Why would you want to hunt sloppy thirds and fourths with a lesser weapon?


----------



## Longgun (Sep 7, 2007)

bow hunter said:


> I have 9 points and have been putting in for the Book Cliffs the past few years, I know this unit well and have drawn it previously. I really think the unit has gone down hill the last 3-4 years. I don't want to hunt the Vernon, I'm contemplating putting in for the Dolores Triangle. I haver never stepped foot on the unit and have read how weather dependent the unit can be.
> 
> Like all of us I'm looking for a good mature buck but also a new area and hunting experience. This years dates are Nov. 1-14. Looking for advice. Anybody archery hunted this in the past? Would it be a worthwhile hunt?
> 
> Thanks for any insight.


A good friend of mine drew this tag a few years ago. he went down on marginal weather conditions (blustery at best, w/next to zero snow in Colo) and didnt see a big mature buck in four days of hunting. Granted he's a BIG buck nut and his top standard may be well away/different than yours but, he wasnt at all impressed with his end result. He spoke of seeing a few "close" to being shooters... but never mentioned exactly what he was seeing. im guessing he was seeing bucks in the <24" range. Its a totally different story if you do happen to get GOOD NASTY COLD temps, and PILES of the white stuff in Colorado.

Good luck


----------



## Longgun (Sep 7, 2007)

swbuckmaster said:


> Why would you want to hunt sloppy thirds and fourths with a lesser weapon?

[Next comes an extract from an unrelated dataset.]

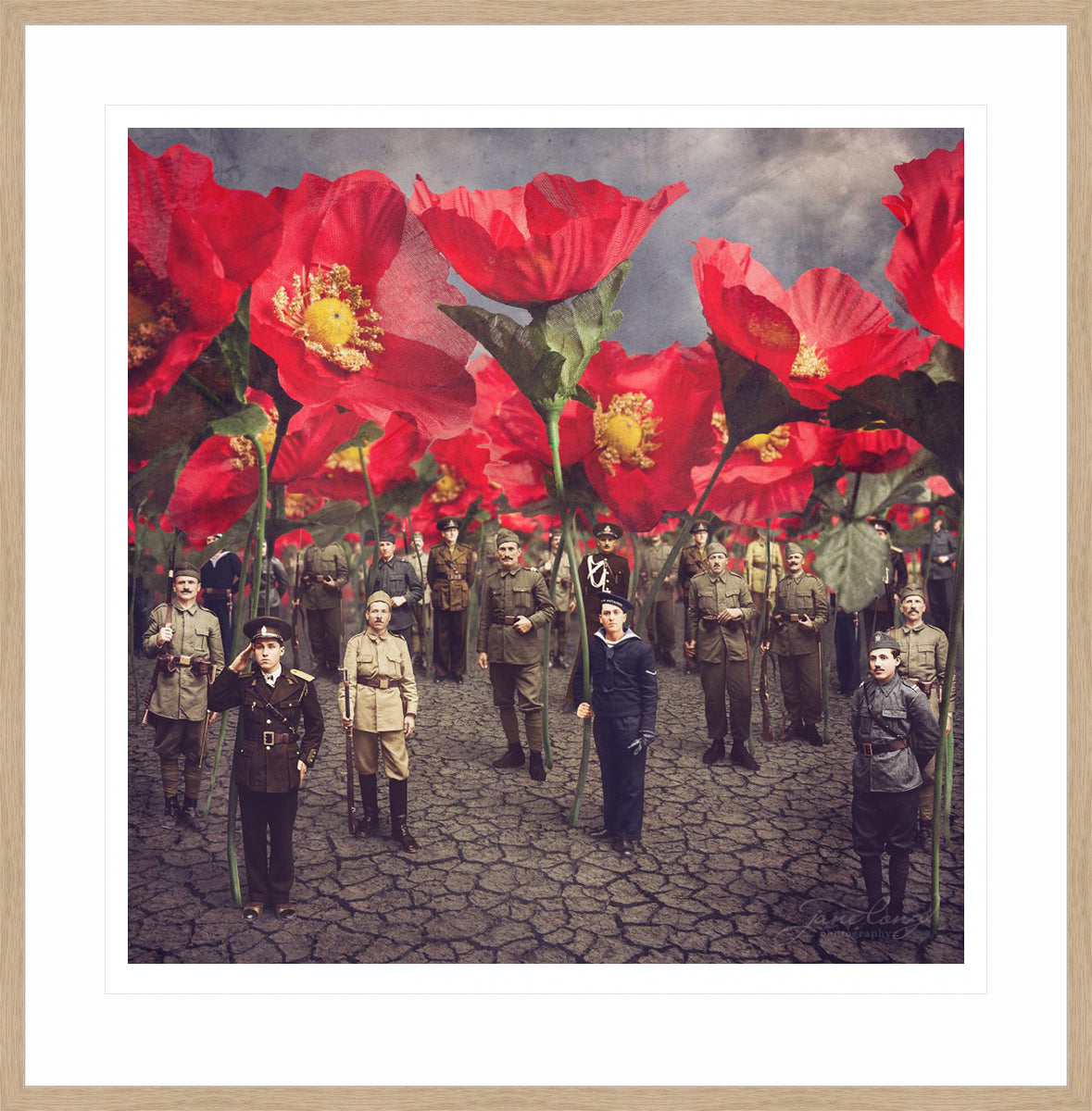 Tall Poppies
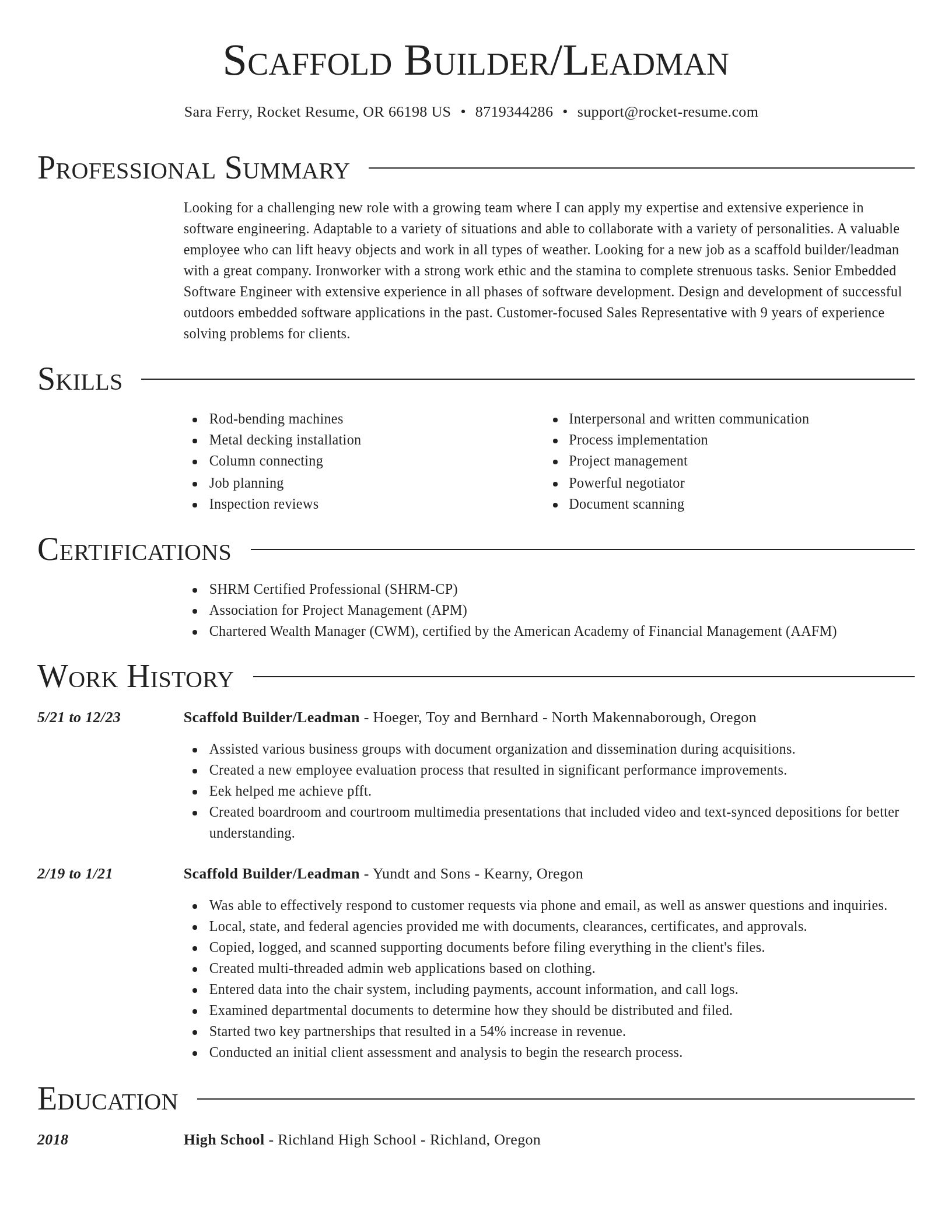 Director resume template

because fuzzy antlers look like hell!? ;-)


----------



## Critter (Mar 20, 2010)

The Deloris Triangle hunt used to be a fantastic hunt until the created the wilderness area out of the north part of the unit and blocked off vehicle access to the Colorado River across from Westwater. Now the only way into that area is a very long hike or across the river, but since the Triangle part of the river is now wilderness and no motorized boats or vehicles are allowed. 

So if I were to hunt that area again I would try to figure out a what to get back into that area, there are some great bucks in that area.


----------